Chory jest w dobrej formie, jedynie nogi odmawiają mu posłuszeństwa. Chodzenie sprawia trudność. Mówi, że nogi ma jak z waty. Wujek nie dostaje chemii, nie jest w ogole leczony. Mimo tego, że odbijanie sie od lekarza do lekarza trwa już od jesieni to wujek naprawdę na nic sie nie skarży oprócz nóg. Nic go nie boli, ma apetyt, pracuje, funkcjonuje normalnie.

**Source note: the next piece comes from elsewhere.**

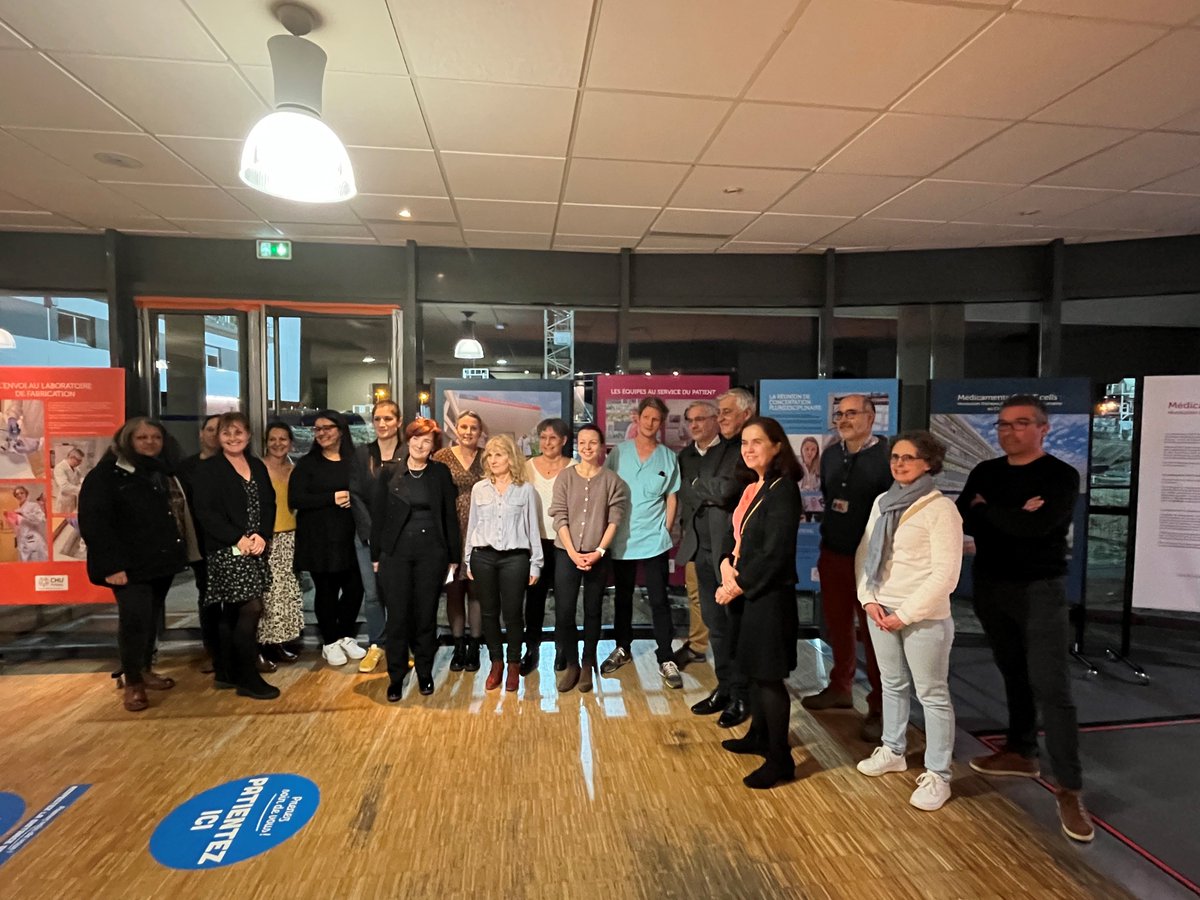 CHU de Poitiers (@chu_de_poitiers) on Twitter photo 📅 Agenda | Anne Costa a inauguré l'exposition photo, visible jusqu'au 18/12, réalisée en partenariat avec <a href="/GileadSciences/">Gilead Sciences</a> et <a href="/KitePharma/">Kite, a Gilead Company</a> sur les CAR-T Cells et l'implication de tous les professionnels de santé dans ce traitement, pour soigner les cancers hématologiques. 📅 Agenda | Anne Costa a inauguré l'exposition photo, visible jusqu'au 18/12, réalisée en partenariat avec <a href="/GileadSciences/">Gilead Sciences</a> et <a href="/KitePharma/">Kite, a Gilead Company</a> sur les CAR-T Cells et l'implication de tous les professionnels de santé dans ce traitement, pour soigner les cancers hématologiques.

Proszę o informację co oznaczają te wyniki oprócz tego, że nie jest dobrze. Jakie są rokowania? Jaka chemia?
sommerfugl,
Wyniki oznaczają rozsiany proces nowotworowy. Radiolog opisujący badanie sugeruje, że ogniskiem pierwotnym jest zmiana guzowata w prawym płucu. Inne wymienione lokalizacje anatomicznie z podwyższonym SUV to przerzuty nowotworowe.
Nadal nie wiadomo jaki to dokładnie rodzaj raka więc nie ma podstaw do ustalenia odpowiedniego schematu chemii. Powinno zostać powtórzone badanie materiału z biopsji z wykorzystaniem odpowiednio szerokiego panelu różnych odczynów histochemicznych. Ewentualnie pobranie większej, bardziej reprezentatywnej ilości materialu do badań ( cały węzeł pachowy, nadobojczykowy).
Z powodu zaawansowania procesu nowotworowego rokowania można określić ogólnie jako poważne, jeśli to jakiś rodzaj raka to podjęte może być jedynie leczenie paliatywne- niemniej nie wiem, jakie leczenie zostanie wdrożone, jak Wujek zareaguje na to leczenie, czy choroba się zatrzyma, cofnie, czy stan ogólny Wujka będzie niezmiennie dobry. To wszystko razem składa się na rokowania- obecnie trudno napisać coś konkretnego.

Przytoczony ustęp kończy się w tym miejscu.